一路闲聊。滴哥口头村的;57岁;一儿一女。女儿大学学的飞机发动机专业……说儿女就得打……说儿女都比较孝顺……我说起他们村后面的七泉山,提起药王洞、龙圣寺遗址,他告诉我,龙圣寺是七十年代拆的,用来建了学校……
这位滴哥和遇到的其他滴哥有所不同。有的滴哥每天干十二三个小时,有的干十五六个小时,还有每天干十八个小时的。多数滴哥都显得不快乐。这位滴哥是快乐的。后来他竟不自觉地大声唱起了歌,似乎把我这个客人都给忘记了,如果今生做不了你的唯一,就让我在来生的路口等你,如果爱不能走出回忆,就让我做你的红颜知己……东边有个美人,西边黄河流,来呀来个酒,不醉不罢休……如果换个客人,可能会投诉他。我,不,我不会投诉他,能给别人带来快乐,我也快乐。
快乐,地球自转一圈,一天过去了;不快乐,地球自转一圈,一天也过去了。
故乡有一种草药,名字独特,叫打不死,你把它捣烂,扔到地里,不久它又恢复如初。
人,得自个找乐。
请滴哥把车开到大富庄南边。
千灵山下的林子,无边的树林。栗园~瓦窑~西庄店~大富庄~文林居。慢慢走,走了很久。
风吹走了连续几天的阴霾。天朗气清,阳光温暖。
北边那大片菜地。和3位乡人闲聊了好一会。都70多岁,不缺吃喝,做点事,吃饭都香点,睡觉也香……
从北往南,穿过大富庄出来。
村中,老远,一位妇人推着辆垃圾车靠在路边张着个大嘴对着我笑。走近,却原来是老卞的老婆。一个月前,两个月前,跟她买过两次菜。问她,你干这个?她说,我一直干这个。一个月多少钱?两千。我说,大富庄,60岁以后每月还另有三四千的嘛。她说,我没有,我的户口在平谷那边没迁过来。这个她说过。60岁以后,她在那边有一份,一千来块钱和一份宅基地。告别时,她乐着个大嘴对我说,大哥再见。
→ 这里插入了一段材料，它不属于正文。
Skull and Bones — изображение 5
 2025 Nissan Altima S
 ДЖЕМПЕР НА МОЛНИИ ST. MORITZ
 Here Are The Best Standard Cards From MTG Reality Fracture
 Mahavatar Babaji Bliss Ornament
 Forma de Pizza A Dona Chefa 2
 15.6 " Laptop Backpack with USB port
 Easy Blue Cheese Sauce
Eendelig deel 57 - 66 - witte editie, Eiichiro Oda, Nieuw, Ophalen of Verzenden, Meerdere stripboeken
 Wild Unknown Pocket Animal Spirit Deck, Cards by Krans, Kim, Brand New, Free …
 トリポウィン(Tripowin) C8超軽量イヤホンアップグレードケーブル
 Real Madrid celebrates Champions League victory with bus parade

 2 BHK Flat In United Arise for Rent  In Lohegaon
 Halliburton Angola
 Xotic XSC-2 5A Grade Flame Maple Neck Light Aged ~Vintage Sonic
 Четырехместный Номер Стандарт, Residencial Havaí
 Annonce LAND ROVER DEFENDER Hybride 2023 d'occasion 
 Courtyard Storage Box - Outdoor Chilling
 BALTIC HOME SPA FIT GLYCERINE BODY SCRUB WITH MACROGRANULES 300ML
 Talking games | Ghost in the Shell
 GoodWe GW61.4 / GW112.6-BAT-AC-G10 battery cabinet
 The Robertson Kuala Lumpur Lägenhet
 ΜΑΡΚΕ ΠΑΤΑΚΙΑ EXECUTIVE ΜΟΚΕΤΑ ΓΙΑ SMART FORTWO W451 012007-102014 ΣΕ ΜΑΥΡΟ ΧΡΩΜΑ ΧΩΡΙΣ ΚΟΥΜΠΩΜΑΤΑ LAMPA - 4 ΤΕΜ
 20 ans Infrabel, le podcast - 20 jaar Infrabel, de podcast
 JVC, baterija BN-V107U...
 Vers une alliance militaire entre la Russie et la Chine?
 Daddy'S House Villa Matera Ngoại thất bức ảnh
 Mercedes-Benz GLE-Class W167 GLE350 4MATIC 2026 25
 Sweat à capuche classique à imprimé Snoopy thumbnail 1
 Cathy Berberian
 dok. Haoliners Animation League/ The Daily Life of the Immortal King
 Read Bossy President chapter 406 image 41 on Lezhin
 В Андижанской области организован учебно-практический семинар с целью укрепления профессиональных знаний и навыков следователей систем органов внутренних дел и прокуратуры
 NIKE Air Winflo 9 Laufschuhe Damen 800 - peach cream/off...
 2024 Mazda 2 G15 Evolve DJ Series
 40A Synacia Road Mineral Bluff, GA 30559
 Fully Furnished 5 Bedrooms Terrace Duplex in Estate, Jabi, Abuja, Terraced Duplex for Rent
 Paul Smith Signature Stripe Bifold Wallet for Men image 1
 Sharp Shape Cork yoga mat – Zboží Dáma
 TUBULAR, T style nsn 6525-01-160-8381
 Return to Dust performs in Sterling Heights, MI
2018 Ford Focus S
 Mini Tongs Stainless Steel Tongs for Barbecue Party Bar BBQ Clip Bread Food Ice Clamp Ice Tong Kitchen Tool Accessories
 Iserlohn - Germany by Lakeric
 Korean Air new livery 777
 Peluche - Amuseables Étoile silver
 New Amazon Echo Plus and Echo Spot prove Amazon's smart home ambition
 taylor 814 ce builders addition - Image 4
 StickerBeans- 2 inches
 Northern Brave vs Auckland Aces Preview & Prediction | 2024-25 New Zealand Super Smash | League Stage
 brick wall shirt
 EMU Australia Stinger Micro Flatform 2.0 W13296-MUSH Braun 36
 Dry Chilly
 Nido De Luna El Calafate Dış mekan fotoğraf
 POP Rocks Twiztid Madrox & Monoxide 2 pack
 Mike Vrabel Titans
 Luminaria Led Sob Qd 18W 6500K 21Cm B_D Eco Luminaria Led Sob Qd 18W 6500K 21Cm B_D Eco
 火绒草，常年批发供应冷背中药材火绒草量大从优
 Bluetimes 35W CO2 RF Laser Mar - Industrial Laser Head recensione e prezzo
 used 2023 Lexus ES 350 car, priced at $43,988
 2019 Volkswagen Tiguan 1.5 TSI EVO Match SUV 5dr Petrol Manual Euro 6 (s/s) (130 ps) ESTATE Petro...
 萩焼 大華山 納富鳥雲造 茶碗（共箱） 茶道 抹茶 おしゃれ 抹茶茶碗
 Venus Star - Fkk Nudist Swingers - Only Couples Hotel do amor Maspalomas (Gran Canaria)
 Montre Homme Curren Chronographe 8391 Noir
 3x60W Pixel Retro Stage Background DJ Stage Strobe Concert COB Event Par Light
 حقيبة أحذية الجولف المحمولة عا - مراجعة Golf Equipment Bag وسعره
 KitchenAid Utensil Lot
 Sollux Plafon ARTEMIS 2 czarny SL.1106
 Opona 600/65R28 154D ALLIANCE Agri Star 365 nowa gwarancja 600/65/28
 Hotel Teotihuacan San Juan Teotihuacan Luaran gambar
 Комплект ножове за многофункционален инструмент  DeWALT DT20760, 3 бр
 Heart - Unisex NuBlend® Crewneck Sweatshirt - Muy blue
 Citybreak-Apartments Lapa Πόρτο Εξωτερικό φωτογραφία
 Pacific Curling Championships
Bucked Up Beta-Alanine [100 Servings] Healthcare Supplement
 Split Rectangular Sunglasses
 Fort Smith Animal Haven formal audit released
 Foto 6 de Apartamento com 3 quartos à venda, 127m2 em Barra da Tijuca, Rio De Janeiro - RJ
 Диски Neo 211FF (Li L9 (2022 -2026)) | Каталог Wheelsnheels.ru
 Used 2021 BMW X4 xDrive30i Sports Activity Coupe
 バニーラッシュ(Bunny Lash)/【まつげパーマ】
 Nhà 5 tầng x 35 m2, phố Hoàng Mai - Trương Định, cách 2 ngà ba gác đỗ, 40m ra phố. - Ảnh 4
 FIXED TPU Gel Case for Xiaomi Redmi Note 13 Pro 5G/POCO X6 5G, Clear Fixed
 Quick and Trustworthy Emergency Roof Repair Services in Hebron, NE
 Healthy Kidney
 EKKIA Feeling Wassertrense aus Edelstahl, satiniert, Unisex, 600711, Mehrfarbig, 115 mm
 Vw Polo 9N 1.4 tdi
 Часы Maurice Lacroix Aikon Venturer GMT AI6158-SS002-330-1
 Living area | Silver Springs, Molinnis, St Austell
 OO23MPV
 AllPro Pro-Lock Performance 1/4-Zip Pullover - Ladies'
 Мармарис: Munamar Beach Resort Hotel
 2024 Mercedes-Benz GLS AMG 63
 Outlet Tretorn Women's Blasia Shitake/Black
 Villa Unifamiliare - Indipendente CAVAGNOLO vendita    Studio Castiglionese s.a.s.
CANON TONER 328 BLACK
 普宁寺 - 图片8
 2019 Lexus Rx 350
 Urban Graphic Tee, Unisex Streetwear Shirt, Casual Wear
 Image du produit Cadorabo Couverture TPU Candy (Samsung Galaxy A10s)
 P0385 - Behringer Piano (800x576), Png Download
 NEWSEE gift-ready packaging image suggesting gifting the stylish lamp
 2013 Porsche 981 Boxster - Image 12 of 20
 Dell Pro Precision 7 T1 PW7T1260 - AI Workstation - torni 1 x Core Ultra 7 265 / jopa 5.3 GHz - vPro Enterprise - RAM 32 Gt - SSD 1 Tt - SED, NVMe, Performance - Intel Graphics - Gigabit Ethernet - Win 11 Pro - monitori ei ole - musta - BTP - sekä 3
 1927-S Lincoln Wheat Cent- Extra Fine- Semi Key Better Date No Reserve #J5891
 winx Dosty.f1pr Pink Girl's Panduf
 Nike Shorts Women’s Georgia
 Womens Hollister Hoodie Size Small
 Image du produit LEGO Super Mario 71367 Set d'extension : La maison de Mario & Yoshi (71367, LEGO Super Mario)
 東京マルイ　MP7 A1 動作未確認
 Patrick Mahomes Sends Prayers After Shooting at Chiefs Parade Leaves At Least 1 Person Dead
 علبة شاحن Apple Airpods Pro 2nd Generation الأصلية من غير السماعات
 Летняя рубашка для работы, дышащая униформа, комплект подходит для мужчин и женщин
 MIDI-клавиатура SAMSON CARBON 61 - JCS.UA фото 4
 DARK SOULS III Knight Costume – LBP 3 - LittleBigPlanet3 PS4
黑黢黢的脸,破旧的衣服,牙齿不整齐也不白,老卞的老婆有点七加一,却总是那么开朗,总是笑意盈盈。
一副笑脸,像北国晚秋山野的花。有笑脸的人不丑。
时令小集。4个地摊,老骆、白糖大姐、不记事、彩华大姐夫妇。
不记事。1袋扁豆,8.00。
不记事称了一下扁豆,说七块八。扫码付款时,和她确认一下:多少钱?她脸带歉意笑着说:我记性不好。旁边的彩华大姐立即帮她说:七块八。
不记事今年才来的时令小集。第一次是跟她买丝瓜,买了6个丝瓜。过了二十来分钟,从她旁边经过,她招呼我说,买丝瓜。我有点诧异,那前前后后,卖菜的就她一人,买菜的就我一人。我说刚跟你买了好几个。她笑着说,我不记事。她接着的话让人印象极深刻:我从小就有这个优点。
老骆他们在谈论国际大事,说朝鲜向美国发射了一颗导弹,导弹从整个美国领空飞过去……老骆老婆说,我们必须帮着俄罗斯打,不然,俄罗斯完蛋,我们马上完蛋……
「深深感到一般国民知识的闭塞,对国家和自己的命运几乎全然无知,在淳朴的美德后面常常是冷漠和无知。」——齐邦媛《巨流河》P14。